The amount of information that could be stored in a pinhead’s volume of DNA is staggering. It is the equivalent information content of a pile of paperback books 500 times as tall as the distance from Earth to the moon, each with a different, yet specific content.

 

quote:

 

‘The more time that goes by, the greater the genetic burden or genetic corruption. Natural selection can’t save us from this genetic decay, since most mutations are recessive and can sneak through a population hidden in carriers, only rarely showing up as the double recessive which can be “attacked” by natural selection.

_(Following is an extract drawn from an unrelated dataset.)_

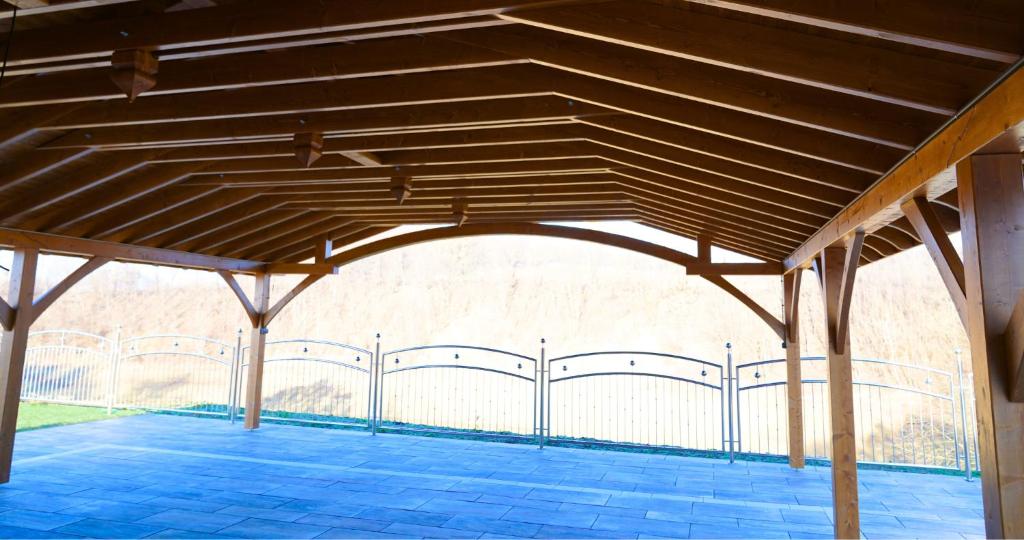 Bazén v ubytování Apartamenty pod Dębami - noclegi Beskid Niski nebo v jeho okolí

As time goes by, accumulating genetic decay threatens the very survival of plant, animal, and the human populations’.

 

- Dr. Parker again.

 

Dr. Demick, a practising pathologist, likens the activity of mutations to ‘A Blind Gunman’.

 

quote:

 

First, that the human mutation problem is bad and getting worse. Second, that it is unbalanced by any detectable positive mutations. To summarize, recent research has revealed literally tens of thousands of different mutations affecting the human genome, with a likelihood of many more yet to be characterized. These have been associated with thousands of diseases affecting every organ and tissue type in the body. In all this research, not one mutation that increased the efficiency of a genetically coded human protein has been found. Each generation has a slightly more disordered genetic constitution than the preceding one. - Demick, D.A., February 1999. The Blind Gunman.

 

All just sort of happened huh? By unguided processes huh?

 

"Anything is possible given enough time" ?? Mathematically incorrect to say the least.

 

Keep on dreamin' people..... ;-)

[BlueGiant]

Sounds like someone who is not familiar with actual science to say the least. Just likes soundbytes and hyperbole. Really not worth anyone's time.